A senior official at the Petroleum Division said some members of the Senate Standing Committee on Petroleum were critical of the proposed prices coming into the public knowledge before approval by the government. He said the non-disclosure of proposed prices only helped oil marketing companies (OMCs) to reap inventory gains instead of partial sharing with dealers and end-consumers at the end of every month.

Separately, the apex court is ceased with a case on taxation on petroleum products and has called all decision makers including the Petroleum Division, Ogra, Federal Board of Revenue and the Ministry of Finance in July.

The top mandarins of these stakeholders had a consultative session on Friday where it was agreed that they would not blame each other before the Supreme Court and adopt a joint position on pricing and taxation.

It was agreed that a summary for the next month oil prices be kept a routine affair based on existing tax rates, not to officially share with the media and let the caretakers to take a decision. Sources said the caretaker government was, however, unlikely to pass on the full impact worked out by the regulator and the Petroleum Division as it had also partially increased the prices on June 12.

Based on existing tax rates and import prices reported by Pakistan State Oil (PSO), the price of HSD has been worked out to increase by about Rs6.20 per litre and an increase of Rs5.40 per litre in motor gasoline (petrol). The price of kerosene is estimated to go up by Rs12 and that of light diesel oil (LDO) by Rs10.50 per litre.

As such, the prices of HSD and petrol have been proposed to go up by 5.9pc, and kerosene and LDO prices by more than 14pc.

Therefore, on the basis of existing tax rates and imported cost of PSO, next month’s ex-depot price of HSD has been proposed at Rs111.51 per litre instead of existing rate of Rs105.31 per litre. This is the highest HSD rate since October 2014.

For petrol, the ex-depot price was worked out at Rs97.36 per litre instead of existing rate of Rs91.96 per litre, highest since November 2014.

Likewise, the ex-depot price of kerosene has been calculated at Rs96 per litre — highest since July 2015 — against existing rate of Rs84.34 per litre, showing an increase of Rs12 per litre or 14.22pc. Also, the LDO price is proposed an increase of Rs10.50 per litre to Rs85.49 instead of existing rate of Rs74.99, up 14pc.

Currently, the government is charging 12pc GST on petrol and kerosene, 24pc on HSD, nine percent on LDO and 17pc on high octane blending component. In addition, the government is also charging Rs8 per litre petroleum levy on HSD, Rs10 per litre on petrol and Rs6 and Rs3 per litre on kerosene and LDO, respectively.

Inclusive of customs duty/deemed duty, GST and petroleum levy, the government is currently mopping up Rs36.62 per litre revenue on HSD and about Rs23per litre on petrol. In addition, the current taxes on kerosene and LDO stand at Rs15 and Rs10 per litre.

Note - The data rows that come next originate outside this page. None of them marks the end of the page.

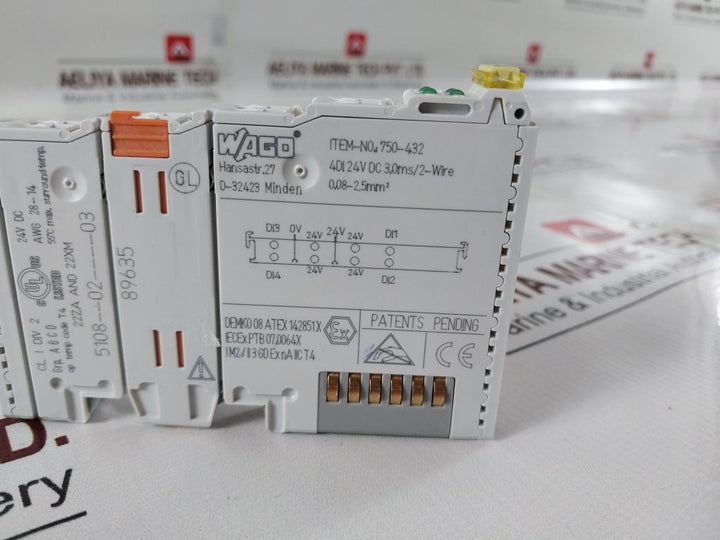 Wago 750-432 Digital Input Module 5108--02----03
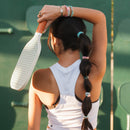 "Rally" Pickleball with Pink and Green Hair Tie Bracelets: Medium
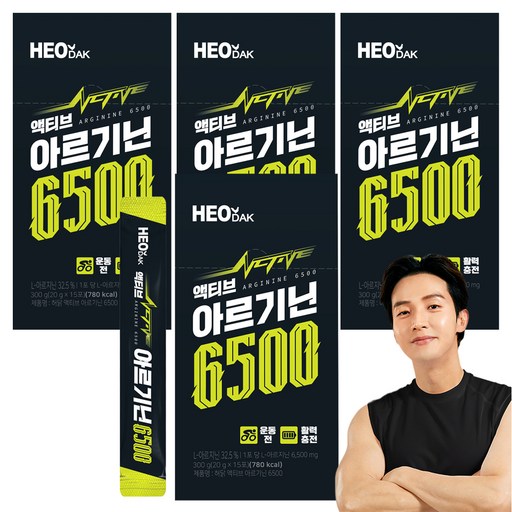 허닭 액티브 아르기닌 6500 15p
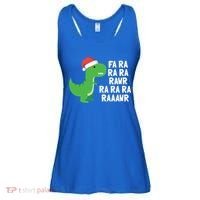 Christmas Dinosaur Fa Ra Rawr Trex Gift Ladies Essential Flowy Tank thumb 0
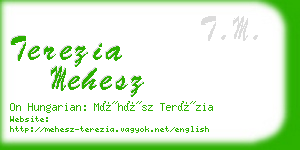 terezia mehesz business card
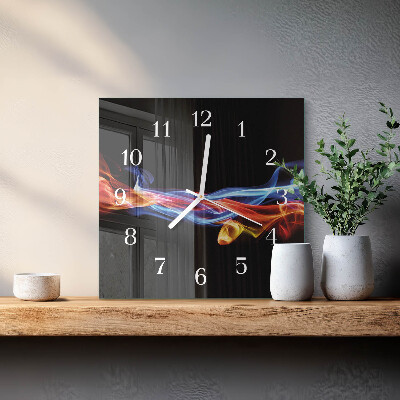 Quadratische wanduhr modern Abstrakter Rauch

Petrol and HSD are two major products that generate most of revenue for the government because of their massive and growing consumption in the country. HSD sales across the country are now going beyond 800,000 tonnes per month against monthly consumption of around 700,000 tonnes of petrol. The sales of kerosene oil and LDO are generally less than 10,000 tonnes per month.